The following paper was recently featured in a German science magazine (Spektrum der Wissenschaft): "Experimental nonlocal and surreal Bohmian trajectories" (DOI:10.1126/science.1501466)

The abstract reads

Weak measurement allows one to empirically determine a set of average trajectories for an ensemble of quantum particles. However, when two particles are entangled, the trajectories of the first particle can depend nonlocally on the position of the second particle. Moreover, the theory describing these trajectories, called Bohmian mechanics, predicts trajectories that were at first deemed “surreal” when the second particle is used to probe the position of the first particle. We entangle two photons and determine a set of Bohmian trajectories for one of them using weak measurements and postselection. We show that the trajectories seem surreal only if one ignores their manifest nonlocality.

To what extent does this show Bohmian mechanics is correct in the sense that it explains things normal QM does not explain?

Unfortunately I had to realize I don't know enough about the subject to understand the full paper. I would just like to know if they actually claim to have experimentally shown that an interpretation of QM is distinctly different from standard QM.

I am particularly asking in light of thoughts like this.
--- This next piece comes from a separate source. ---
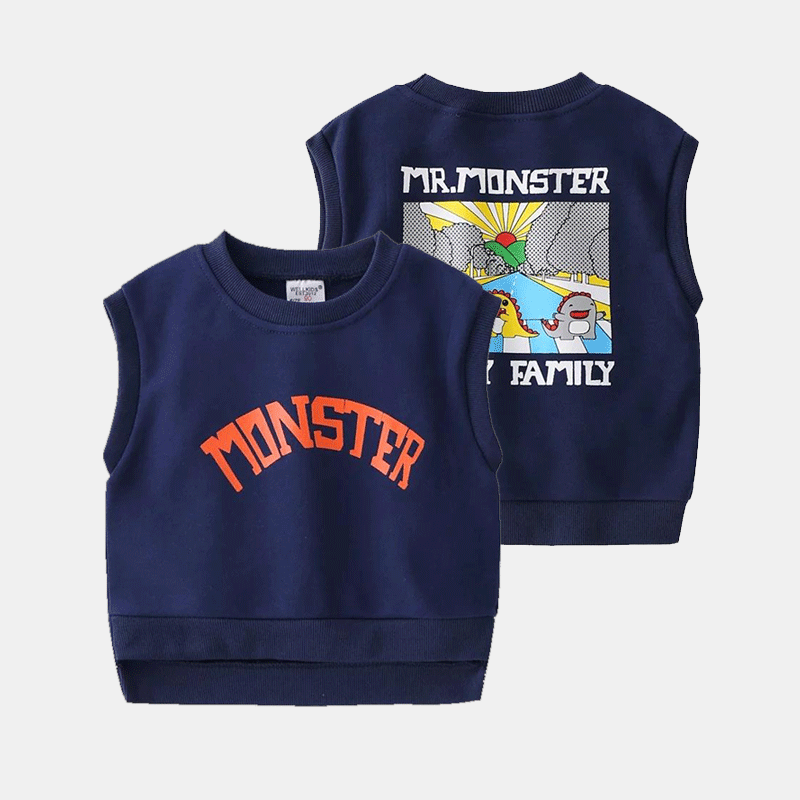 [513236] - Atasan Anak Sweater Kutung - Motif Monster Family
I first accepted the answer given by @Timaeus below. There are two reasons I removed the acceptance tick again:

  1. I discussed with a friend who knows a lot more than me about weak measurements. He said they are not really completely understood yet, nevertheless give surprising empirical results. These seem to be hard to reconcile with the standard interpretation of quantum mechanics, though a lot easier to reconcile with things like Bohmian mechanics. It is hard to read from the papers if it actually shows distinguishing features between the interpretations. Now Timaeus argued that they can't because the "interpretations" by definition only predict the same results. Well, apparently they don't so I will repeat my question slightly differently: Does this paper show that Bohmian mechanics is correct and that the standard interpretation is not?
  2. There has been another recent paper by the same group that in fact won the "Breakthrough of the year" award. From the abstract:

A consequence of the quantum mechanical uncertainty principle is that one may not discuss the path or “trajectory” that a quantum particle takes, because any measurement of position irrevocably disturbs the momentum, and vice versa. Using weak measurements, however, it is possible to operationally define a set of trajectories for an ensemble of quantum particles. We sent single photons emitted by a quantum dot through a double-slit interferometer and reconstructed these trajectories by performing a weak measurement of the photon momentum, postselected according to the result of a strong measurement of photon position in a series of planes. The results provide an observationally grounded description of the propagation of subensembles of quantum particles in a two-slit interferometer.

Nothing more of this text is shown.